# Problem to work on
In the records below, repeat word for word only the lines starting at the one that contains "Peacock Land Hotel Tangalle Room photo" and ending at the one that contains "معروف عالم دین", pictures excluded.

# Records

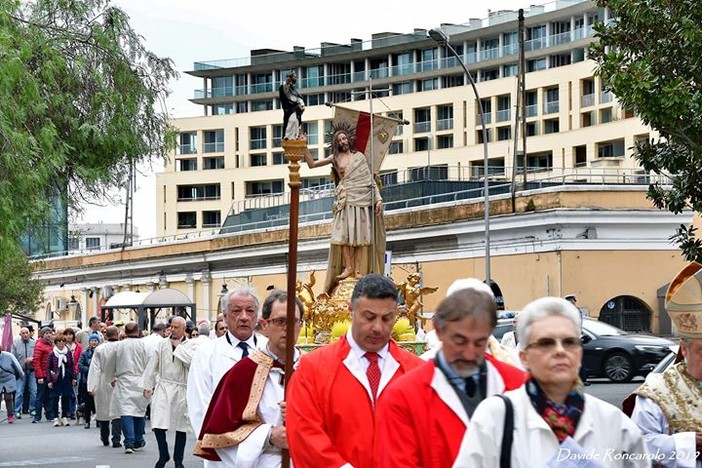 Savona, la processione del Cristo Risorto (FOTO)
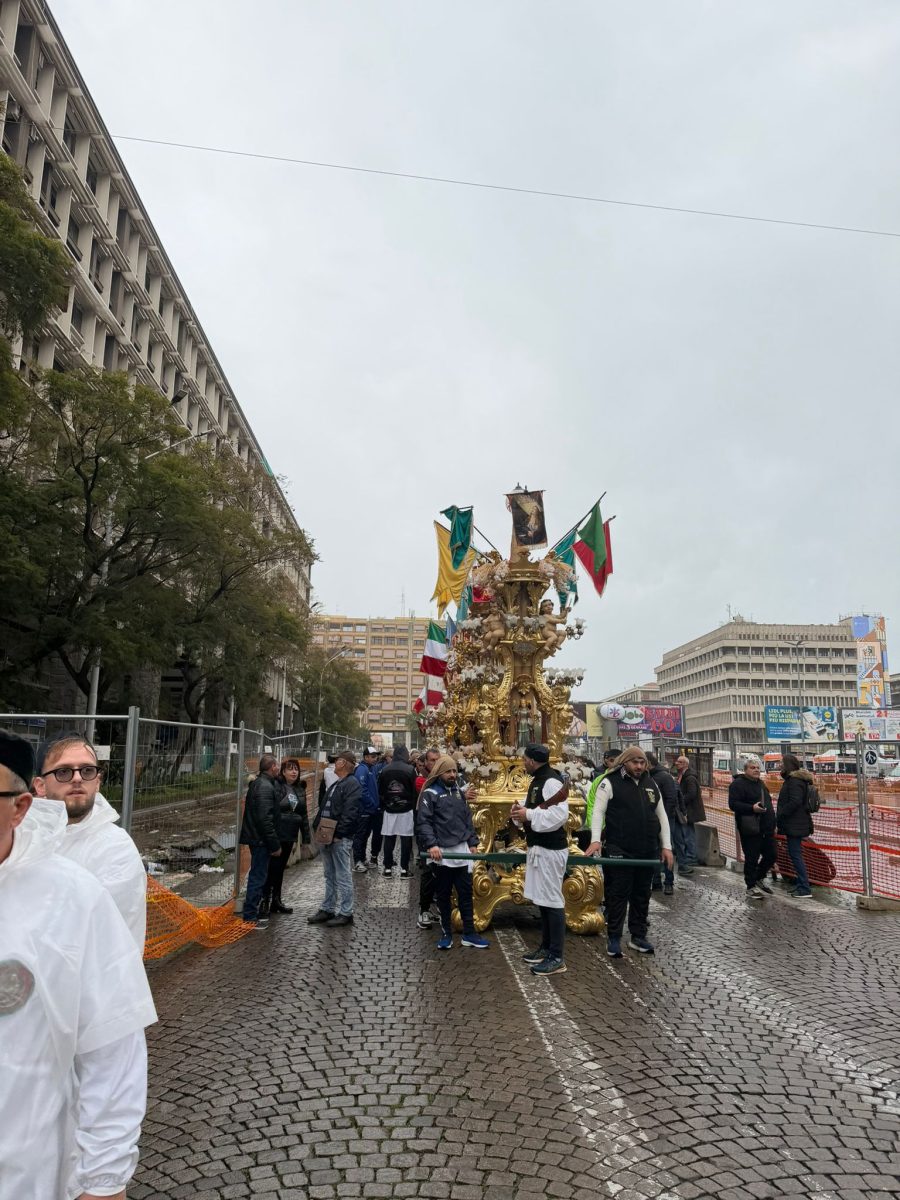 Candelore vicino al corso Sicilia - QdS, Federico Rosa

---

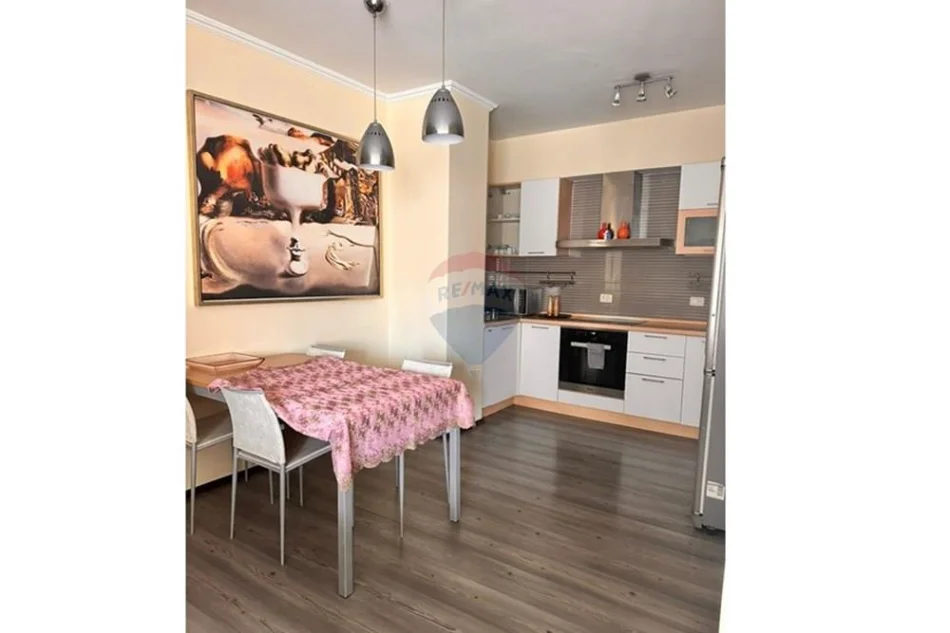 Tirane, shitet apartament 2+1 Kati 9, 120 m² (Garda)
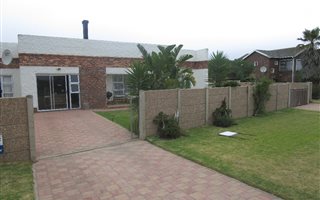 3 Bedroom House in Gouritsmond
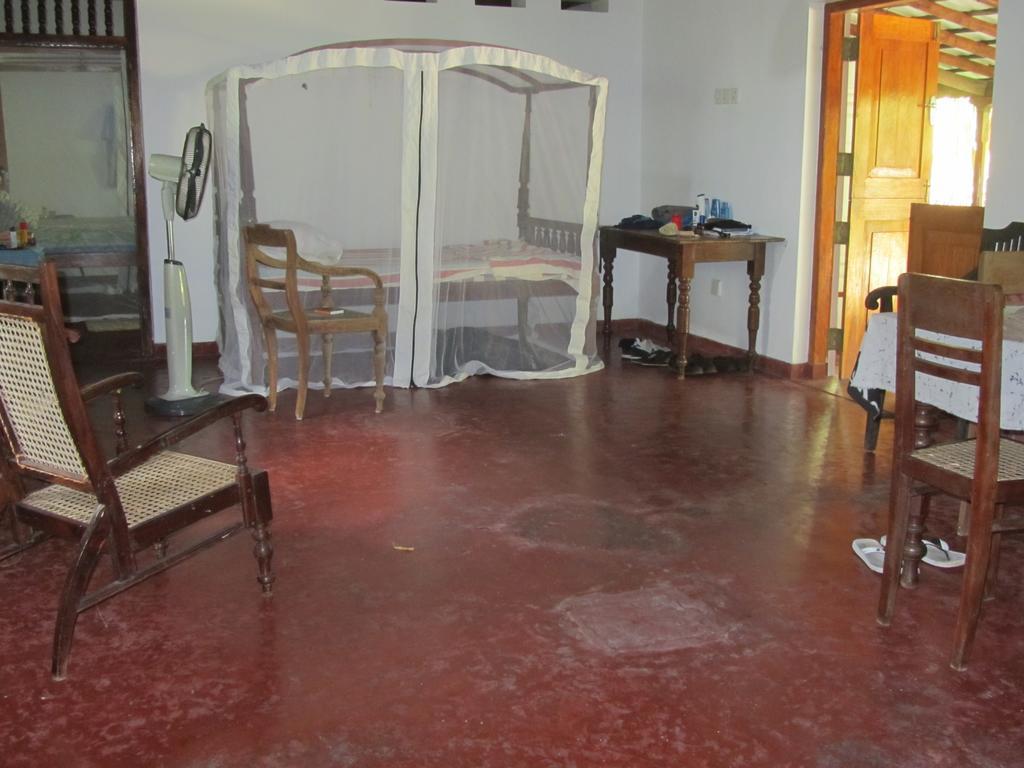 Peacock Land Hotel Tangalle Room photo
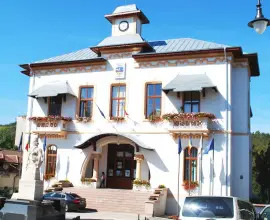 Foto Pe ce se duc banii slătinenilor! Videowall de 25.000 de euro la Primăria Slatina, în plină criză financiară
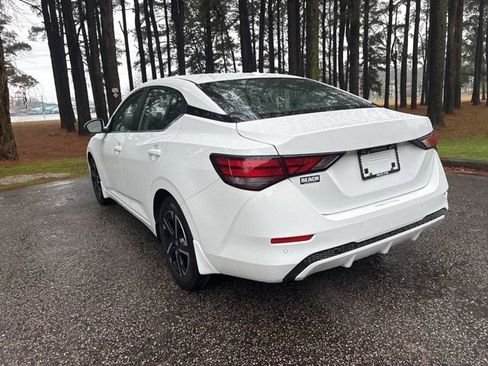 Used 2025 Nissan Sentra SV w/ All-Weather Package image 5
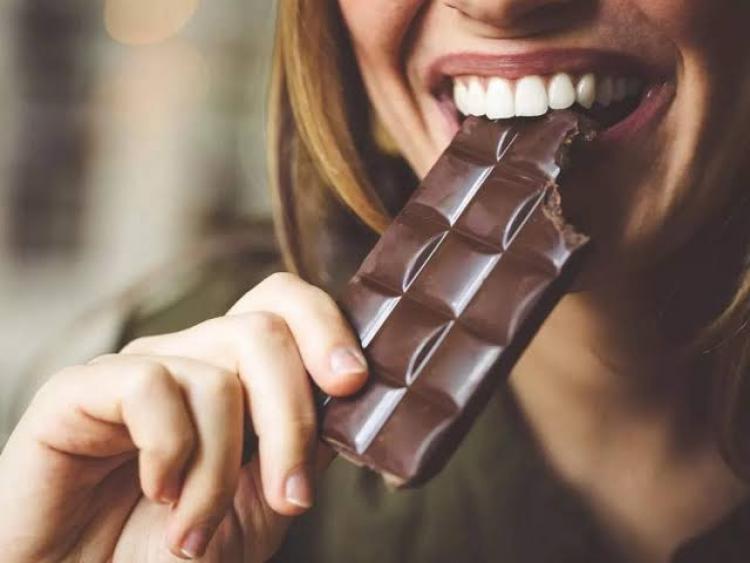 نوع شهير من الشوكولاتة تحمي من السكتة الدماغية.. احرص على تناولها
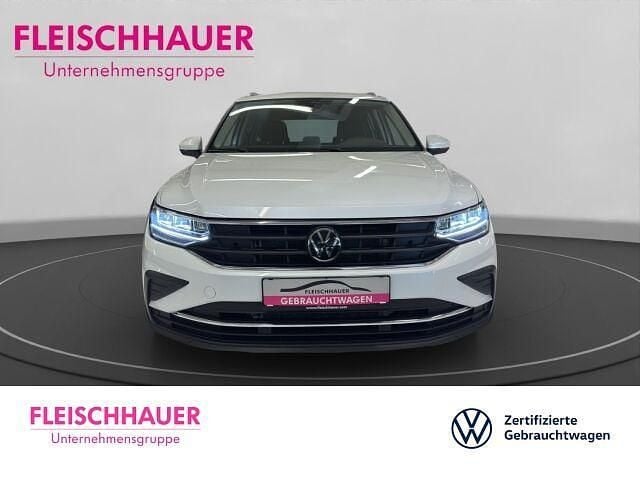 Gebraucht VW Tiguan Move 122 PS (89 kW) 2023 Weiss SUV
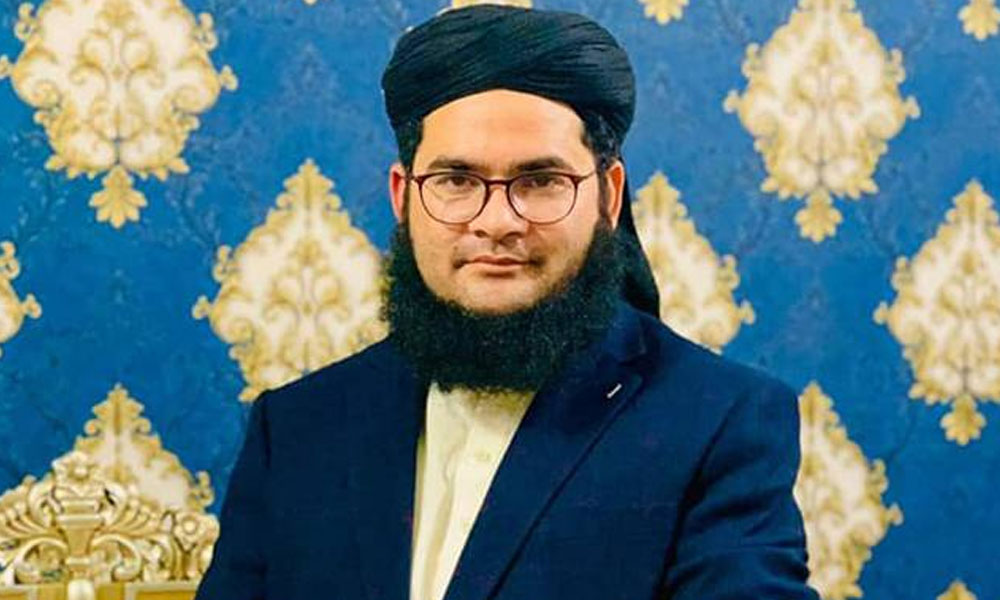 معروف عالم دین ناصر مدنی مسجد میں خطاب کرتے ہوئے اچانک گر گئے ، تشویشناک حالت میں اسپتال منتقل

# Problem solution
 Peacock Land Hotel Tangalle Room photo
 Foto Pe ce se duc banii slătinenilor! Videowall de 25.000 de euro la Primăria Slatina, în plină criză financiară
 Used 2025 Nissan Sentra SV w/ All-Weather Package image 5
 نوع شهير من الشوكولاتة تحمي من السكتة الدماغية.. احرص على تناولها
 Gebraucht VW Tiguan Move 122 PS (89 kW) 2023 Weiss SUV
 معروف عالم دین ناصر مدنی مسجد میں خطاب کرتے ہوئے اچانک گر گئے ، تشویشناک حالت میں اسپتال منتقل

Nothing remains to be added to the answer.